I am doing a rtPCR to detect the watermelon mosaic virus (WMV). My set of primers are:

  • WMV primer forward: 5'-TNGARAATTTGGATGYAGG-3'
  • WMV primer reverse: 5'-CTGCGGTGGACCCATACC -3'

both of which at the concentration of 10 microMolar.

The first step of my rtPCR reaction was looking for a positive control.

I did the rtPCR against to a field sample (In the NGS results showed a positive against to WMV) and two greenhouse samples (the first one of my greenhouse samples was inoculated with WMV and the second one it was not).

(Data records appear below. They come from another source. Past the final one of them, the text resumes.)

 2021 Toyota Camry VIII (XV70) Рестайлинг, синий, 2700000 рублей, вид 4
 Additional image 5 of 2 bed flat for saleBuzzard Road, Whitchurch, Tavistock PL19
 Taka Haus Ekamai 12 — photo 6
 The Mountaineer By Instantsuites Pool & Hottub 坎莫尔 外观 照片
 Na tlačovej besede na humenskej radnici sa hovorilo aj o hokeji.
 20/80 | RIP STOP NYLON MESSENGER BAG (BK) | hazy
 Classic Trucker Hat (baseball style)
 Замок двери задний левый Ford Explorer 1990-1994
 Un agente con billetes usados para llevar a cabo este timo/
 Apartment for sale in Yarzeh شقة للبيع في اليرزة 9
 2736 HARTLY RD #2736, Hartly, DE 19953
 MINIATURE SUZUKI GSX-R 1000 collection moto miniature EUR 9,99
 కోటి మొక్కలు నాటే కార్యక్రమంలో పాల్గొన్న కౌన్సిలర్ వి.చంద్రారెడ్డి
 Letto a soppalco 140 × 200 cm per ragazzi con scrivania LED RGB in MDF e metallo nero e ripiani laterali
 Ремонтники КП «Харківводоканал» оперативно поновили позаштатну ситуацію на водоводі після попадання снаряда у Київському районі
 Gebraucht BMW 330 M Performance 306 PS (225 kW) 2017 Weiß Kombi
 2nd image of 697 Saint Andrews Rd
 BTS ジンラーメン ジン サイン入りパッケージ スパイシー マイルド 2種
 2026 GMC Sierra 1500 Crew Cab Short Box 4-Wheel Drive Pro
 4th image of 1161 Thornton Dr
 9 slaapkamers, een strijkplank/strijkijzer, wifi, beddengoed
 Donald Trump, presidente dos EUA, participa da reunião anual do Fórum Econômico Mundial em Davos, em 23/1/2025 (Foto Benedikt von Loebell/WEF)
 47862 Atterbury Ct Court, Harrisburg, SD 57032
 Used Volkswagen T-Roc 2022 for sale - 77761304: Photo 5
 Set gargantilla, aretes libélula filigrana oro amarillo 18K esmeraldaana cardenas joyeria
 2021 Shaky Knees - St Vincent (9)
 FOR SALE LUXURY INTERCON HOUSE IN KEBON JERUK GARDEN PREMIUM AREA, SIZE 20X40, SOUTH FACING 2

These samples were extracted with good concentrations and integrity. After that, I did the rtPCR with rt enzyme (from Affinity company). Following the next steps:

  1. I added 2000 ng of my RNA samples (in different tubes; one of them to one greenhouse sample, another tube for the remaining green house sample and the latest tube with the field sample) with Reverse primer (2 ul) and H2O (until get 12.5 ul).

1.2. I incubated them 65ºC 5' and 25ºc 10'.

2.1. I added the next volumens for 1 sample: 2ul of my buffer, 2ul of my DTT, 2ul of my DnTps, 0.5 ul RNAsa block and 1 ul of Rt enzyme.

2.2. I vortex them and I incubated them 1 hour 50ºC and 10' 70ºC.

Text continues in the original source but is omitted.